De acordo com os ambientalistas, o desassoreamento é “crescente” e o problema agrava-se a cada temporal.
“O temporal marítimo de 18 de Setembro passado provocou no Portinho da Arrábida a derrocada de várias secções de enrocamento da arriba por debaixo do caminho de acesso pedonal à praia, colocando-o novamente em risco de desabamento”, refere a carta do Clube da Arrábida.
Há cerca de 12 anos, o acesso à praia esteve cortado, após desmoronamento da mesma arriba e só foi reposto em 2010, com trabalhos de enrocamento promovidos pela Administração da Região Hidrográfica (ARH). Um outro temporal marítimo, em 2018, obrigou a nova intervenção de urgência, desta vez pela Protecção Civil Municipal de Setúbal, também com enrocamento, junto ao restaurante Farol.
A secção da arriba que abateu agora, junto à praia, além de ameaçar o acesso, pode, segundo os ambientalistas “potenciar o avanço do mar sobre a duna primária do Creiro”. De ano para ano o areal é cada vez mais pequeno e está já de tal forma reduzido que, nesta época balnear, a colocação de sombras passou a ocupar exclusivamente zonas ambientalmente sensíveis.
“Os concessionários continuaram a escavar a duna primária para montarem os chapéus-de-sol, por falta de área com areia na frente do mar. Uma das concessões colocou a última fileira de chapéus-de-sol dentro dos campos de voleibol de praia por já não ter mais espaço no que resta do areal”, denuncia a missiva.
Pedro Vieira, presidente do Clube da Arrábida, disse ao PÚBLICO que, apesar de urgentes para contenção primária, as novas obras de enrocamento não resolvem o problema de fundo. “Quanto mais pedra se mete no local mais se agrava a falta de areia, porque a pedra cobre a areia. A duna primária, que é o último reduto ainda existente, já começa a desaparecer e depois desta se perder vai tudo o resto”, afirma.
Dez anos à espera de um plano
Os ambientalistas defendem que a salvação do Portinho da Arrábida depende de um plano que ajude a mitigar o desassoreamento e pedem às entidades da administração central do Estado que se entendam com o Município de Setúbal para passarem à acção.
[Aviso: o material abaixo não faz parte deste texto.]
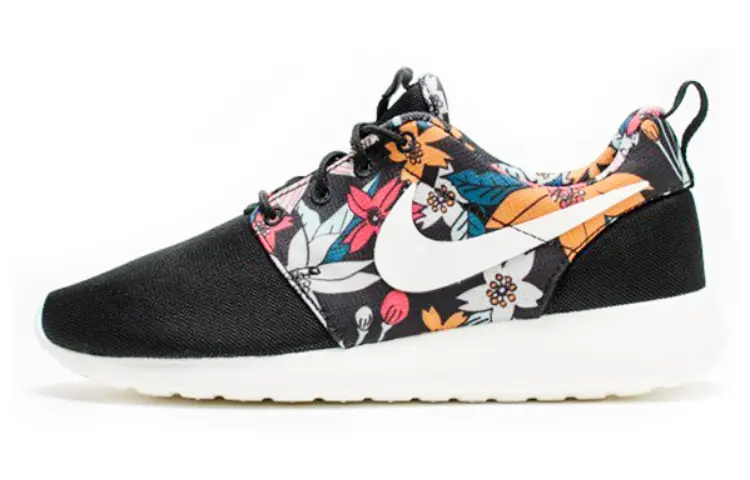 Женские кроссовки для бега Nike Roshe Run
Женские кроссовки для бега Nike Roshe Run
“Ao fim de dez anos de diversas conversas, não se chegou um acordo, de forma a que se possa avançar com um projecto de recuperação do Portinho da Arrábida, porque houve sempre a questão de quem tem realmente a tutela para poder tomar a decisão”, queixa-se Pedro Vieira.
O responsável explica que “parte da matéria é tutelada pelo ICNF, outra parte pela APA e algumas das competências passaram recentemente para a Câmara Municipal de Setúbal”, pelo que “não há uma entidade que encomende o necessário Estudo de Impacte Ambiental e que assuma o compromisso de o concretizar”.
Na prática, acrescenta, “há uma tutela triangular e enquanto não houver um acordo não haverá solução e continuaremos a assistir à erosão do Portinho da Arrábida”.
O PÚBLICO questionou o ICNF, mas não obteve respostas até ao fecho desta edição.
Por parte da Câmara de Setúbal, fonte do Gabinete de Apoio à presidência disse que a autarquia está em contacto com o ICNF e a APA e a “avançar com soluções”. “Há conversações, e proximamente vai haver mais uma reunião, não só sobre esse assunto, mas também das outras praias”, informou.
A mesma fonte afirmou ainda que o desabamento da arriba provocado pelo último temporal “está a ser avaliado” por parte da Protecção Civil Municipal, mas, pelo que já foi observado, “não há risco”.